Pastoral lease in the Northern Territory

Argadargada Station is a pastoral lease that operates as a cattle station in the Northern Territory of Australia.

==Location==
It is situated about 140 km south of Alpurrurulam and 480 km north east of Alice Springs. The property shares a boundary with Annitowa and Ooratippra to the west, Lucy Creek and Manners Creek Station to the south, Lake Nash and Georgina Downs to the east and the Atnetye Aboriginal Land Trust to the south. The property is bisected by the Sandover Highway.

==Description==
The 5139 km2 property has a mix of terrain including open flat plains of Mitchell grass, buffel and Flinders grass over massive portions, and a mix of slightly undulating country with other sections of break-away country to the southern parts of the leasehold. Vegetation found within the boundaries includes mulga, bloodwood, gidyea, coolabah, ghost gum with an area of soft spinifex. The Sandover River passes through the property, providing flood-out country. In 2010 Argadargada was stocked with around 6,000 head cattle, mostly Charbray, Charolais and Bos Indicus breeds.

==History==
The traditional owners of the area are the Yaroinga people, who inhabited around 11,900 mi2 of country straddling both the Northern Territory and Queensland, including Argadargada toward the western edge of their range.

Bores were sunk in the area in 1918 a few miles west of the Argadargada waterhole.

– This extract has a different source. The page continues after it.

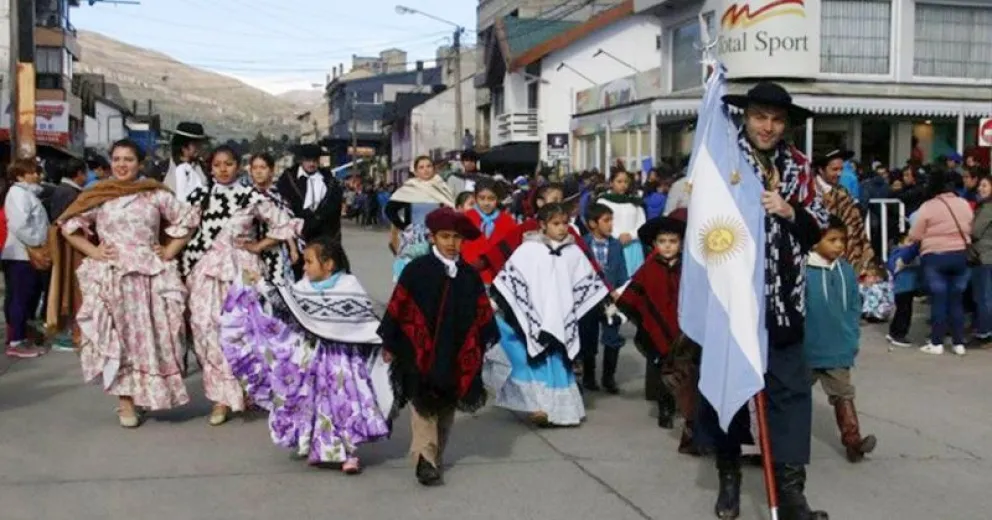 Invitan a inscribirse al desfile por el 117° aniversario de Bariloche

The station was established in 1951 by Damian Miller and Milton Willick, who had a difficult time with the property, losing 1,300 head of cattle in 1953–54 to gidgee poisoning. In 1954 Calder joined the partnership and became the manager before they sold the station in 1964. The property occupied an area of 1600 sqmi when it was first taken up, and construction of the homestead began in or after 1952. Milton and Phyllis Willick lived in tents until all materials arrived.

The lessee of the station in 1998 was Dick Rogers when the property was 5051 km2 in size and the land resources were mapped and surveyed with 35 land units identified and described.

The Broad family bought the property in 2003 for AUD3 million.

In 2010, Peter Hughes of the Georgina Pastoral Company acquired the property for AUD5 million from the Broad family. The company also own the adjoining property Lake Nash Station.

The Rushton family moved to Argadargada in 2017 to manage the property for the Georgina Pastoral Company.